WORK ITEM: Your task is to copy exactly the lines from the line containing "تيس عارضي للبيع64400093097857110" through the end of the listing below, with pictures left out.

EXERCISE MATERIAL:
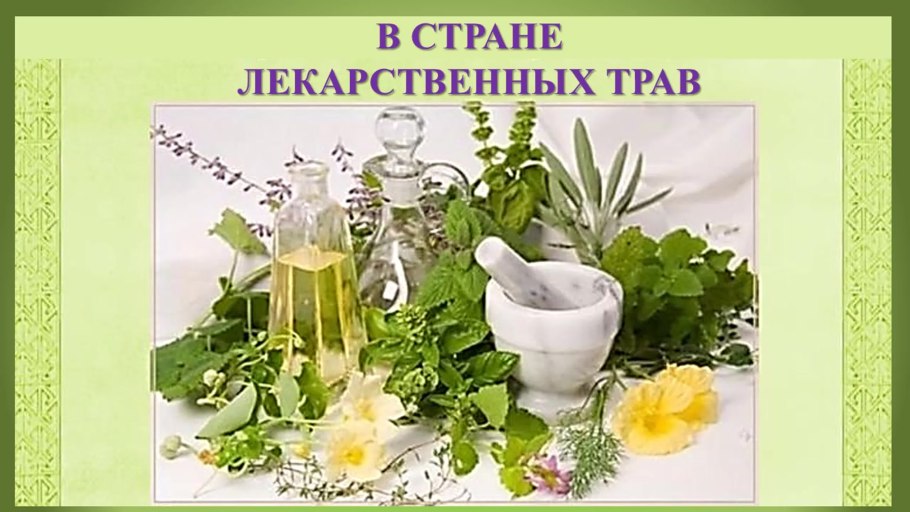 Лечебные растения Кузбасса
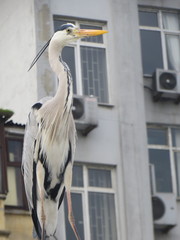 Ardea cinerea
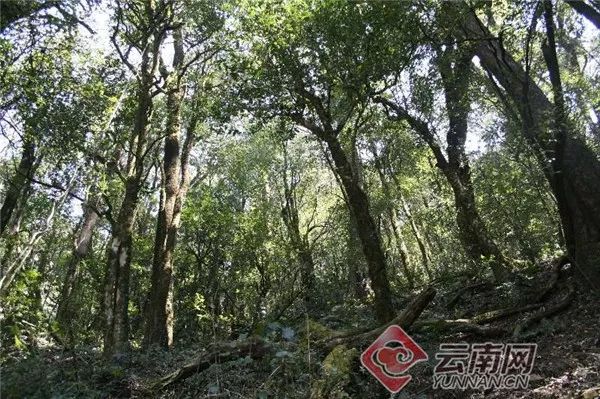 总面积76850亩 年产茶叶6180吨!云南这片茶园被认定为世界最大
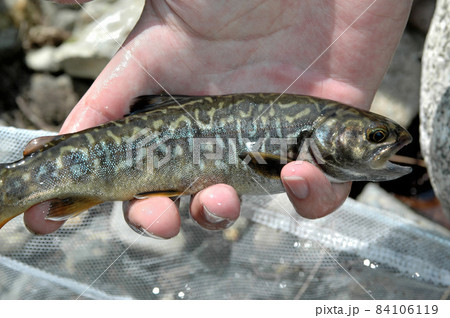 タイガートラウトの写真素材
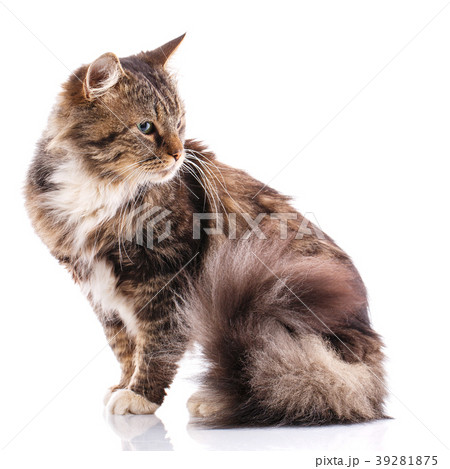 Portrait of a homeless cat. Cat without breed. The 39281875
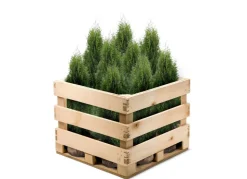 Lebensbaum Thuja Occidentalis Smaragd Heckenpflanze 120-140Cm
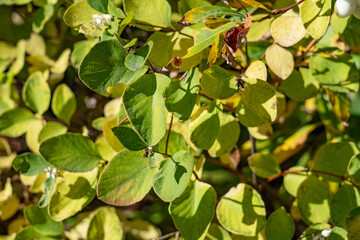 Obraz premium Symphoricarpos albus is a species of flowering plant in the honeysuckle family, common snowberry. Big Bend Ridge, Medal of Honor Hwy, Idaho. 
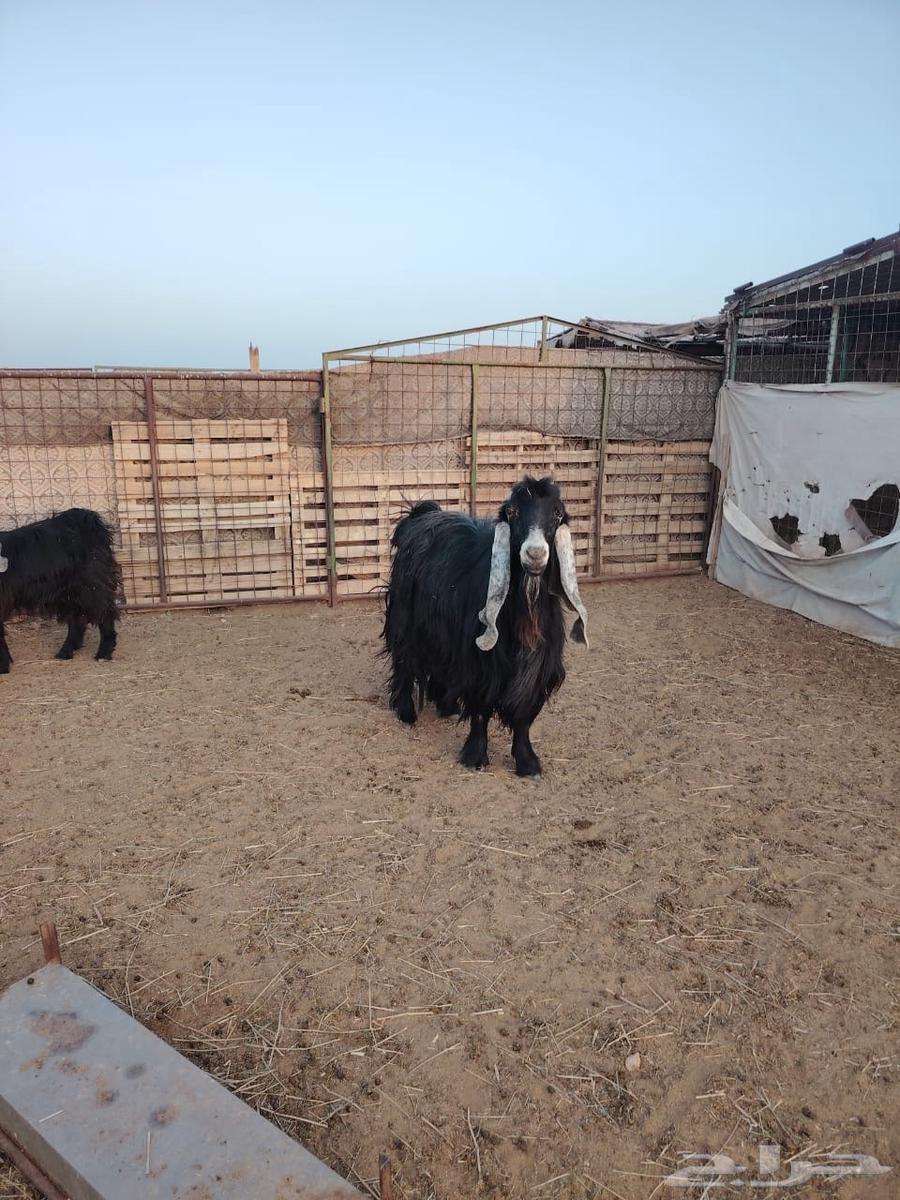 تيس عارضي للبيع64400093097857110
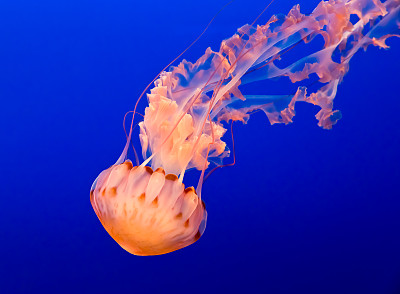jellyfish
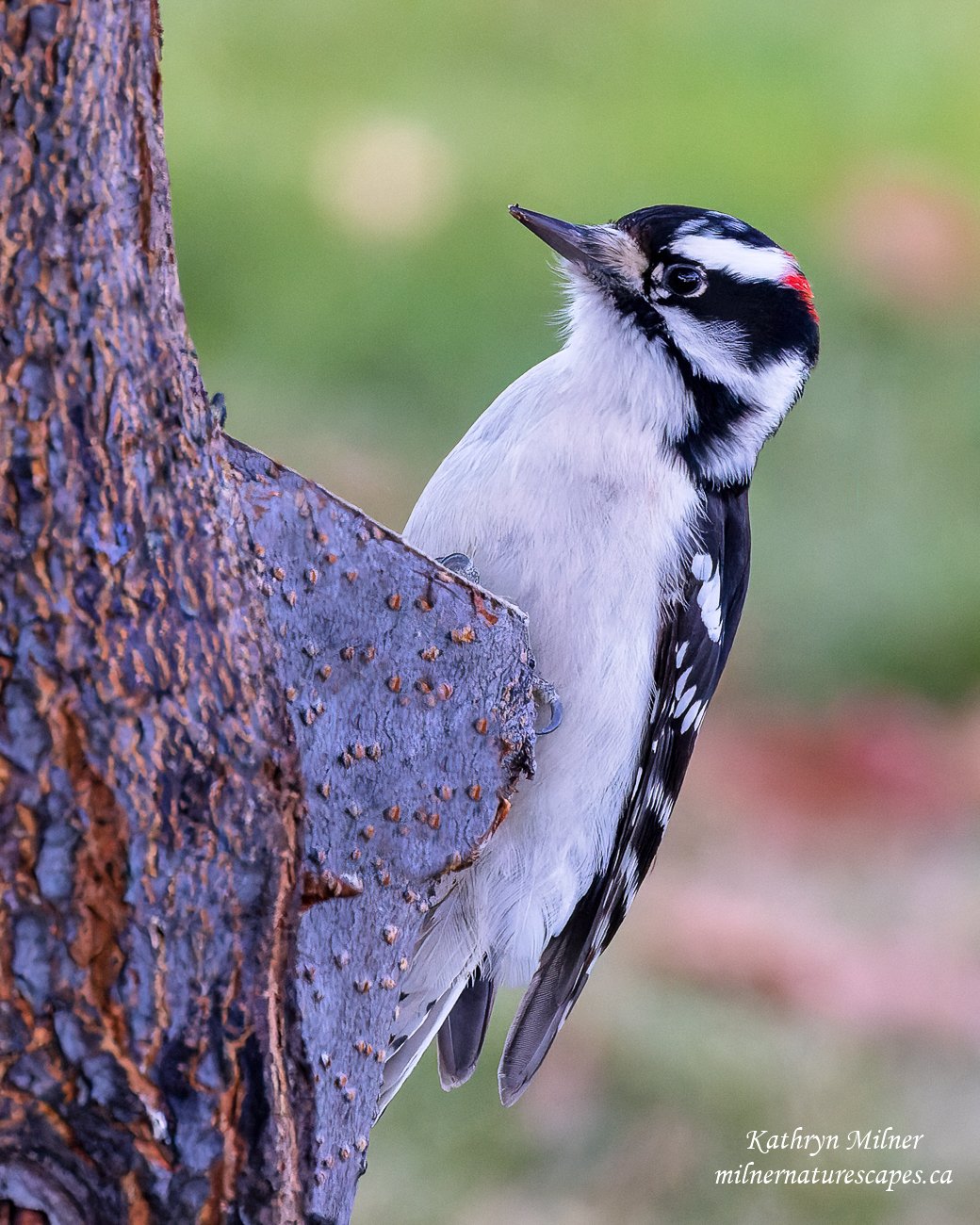 Downy Woodpecker.jpg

EXERCISE SOLUTION:
 تيس عارضي للبيع64400093097857110
jellyfish
 Downy Woodpecker.jpg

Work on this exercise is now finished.